The role of the international protection force ISAF, which is led by NATO, would then be to support the Afghans and not to fight itself. All the ISAF units should have left the country by the end of 2014 and only advisers and a few trainers would remain. Rasmussen said this was what had been decided by the heads of state on the NATO countries at their meeting in Lisbon in November 2010. "In that, there's nothing new," he concluded.
US plans to wind down the fighting in 2013
The NATO countries have not decided exactly how their troops should be withdrawn. Leon Panetta has set down some clear guidelines with his timetable. The remaining members of NATO can only agree, since the US troops make up around 90 percent of the fighting units in Afghanistan. The US has 90.000 troops there, and plans to withdraw 22,000 already this summer. Barack Obama is fighting an election and wants to have to something to show.
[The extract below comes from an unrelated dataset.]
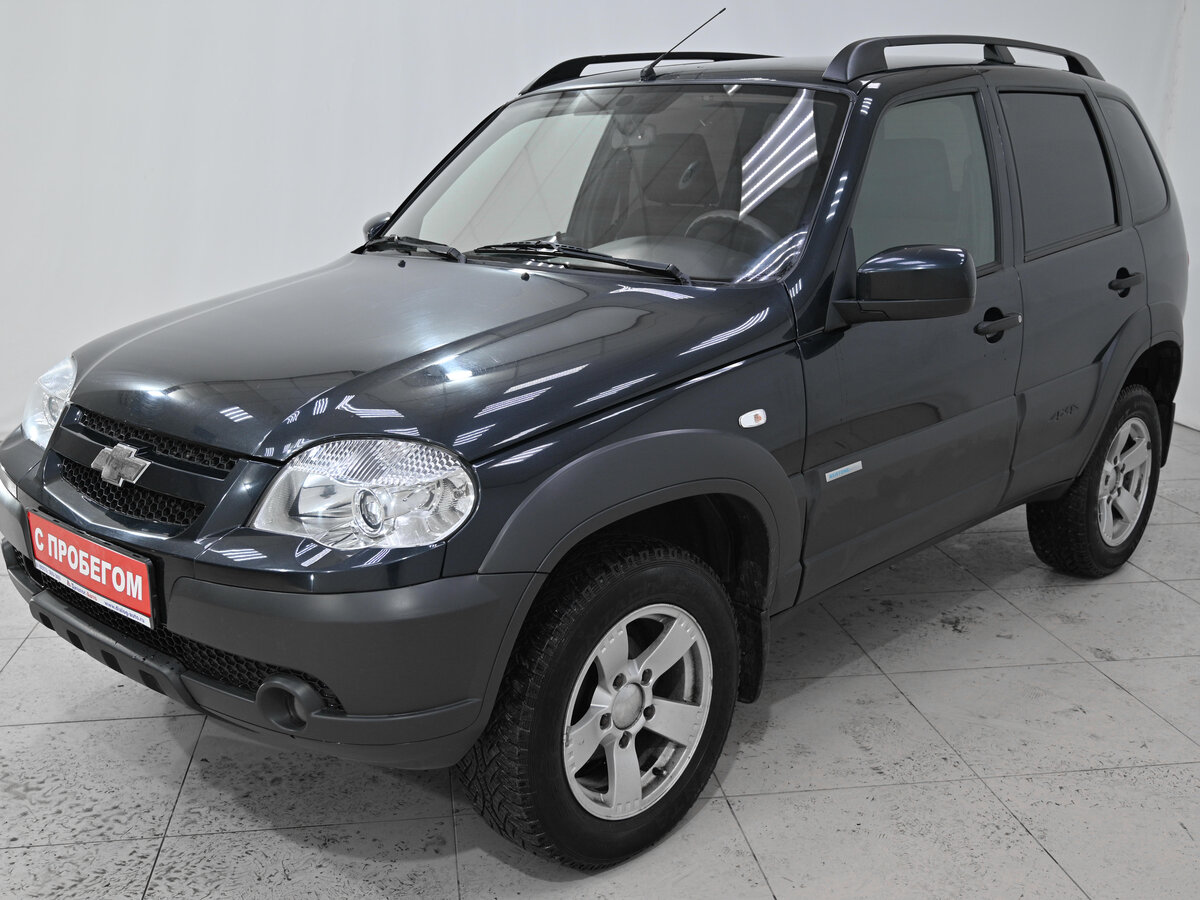 Купить б/у Chevrolet Niva I Рестайлинг 1.7 MT (80 л.с.) 4WD бензин ...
The British defense minister, Philip Hammond, who has 9,500 troops there, announced a similar withdrawal scenario. Hammond said that it would be paced according to the security situation. One would still be able to take action in 2014 if necessary.
The third largest contingent comes from Germany, with 4,700 members of the Bundeswehr. The German defense minister, Thomas de Maiziere, refuses to see the French and American plans as an early pullout.
"The ISAF mandate runs until the end of 2014," he says. "Nothing has changed in that."
At the same time, the Bundeswehr will move "from the driving seat to the passenger seat," as he puts it, and increasingly restrict itself to supporting and training the Afghan security forces. If France really does leave by the end of 2013, he says, it won't make that much difference, since it only provides around 3,600 troops - just 2 percent. As a NATO diplomat told Deutsche Welle, "In addition you have to remember that the French president is also fighting an election, and says what the voters want to hear."
Doubts about the Afghan security forces
Rasmussen said in Brussels that already 40 percent of the operations in Afghanistan were being commanded and carried out by the Afghan army. In 18 months, that figure should have risen to 100 percent. At the same time as it withdraws, ISAF will be training Afghan soldiers and police to take over. According to NATO, the Afghan army currently consists of 176,000 soldiers, and the police has 143,000 officers. By the end of the year, there should be altogether 352,000 Afghan security personnel. "That's exactly according to plan," says a NATO diplomat.
But around 32 percent of the soldiers and police officers can neither read nor write; the training lasts only a few weeks; and there are repeated attacks on foreign soldiers by members of the Afghan forces. A confidential NATO study which was leaked on Wednesday says that, wherever the ISAF troops have withdrawn, radical Islamist Taliban fighters have moved in. And they meet little resistance from the local troops - on the contrary: they often work together. Members of the security forces would often go over to the Taliban with their weapons because the pay was better.
De Maiziere tried to play down the NATO paper, saying that it was merely reflecting what prisoners and captured Taliban were saying, and that such people often attempt to exaggerate their importance during interrogation.
The soldiers want concrete plans
In mid-January, the chairman of NATO's military committee and NATO's most senior military officer, the Danish General Knud Bartels, said that the military needs a concrete timetable for the withdrawal. Bartels said the NATO members states would have to agree among themselves who would withdraw which troops when.
"Based upon the Lisbon Declaration," he said, "we are moving into a completely new situation and a new posture of the forces. What should not be forgotten is that there's a gap between today and 1st January, 2015. So it's not only a matter of saying what we are going to do from 2015 and onwards, but it's also a matter of coupling those two timeslots together."
At the next NATO summit in Chicago in May, the NATO military commanders say they want to see a more exact plan for withdrawal. That withdrawal is of course also dependent on the actual situation on the ground. A decision also has to be reached as to how the Afghan forces are to be financed after 2015: the Afghan state will require support from outside. The secret NATO document says that the Taliban are currently holding back - they don't want to put anything in the way of the ISAF withdrawal, and will only try to take back control of Afghanistan after 2014.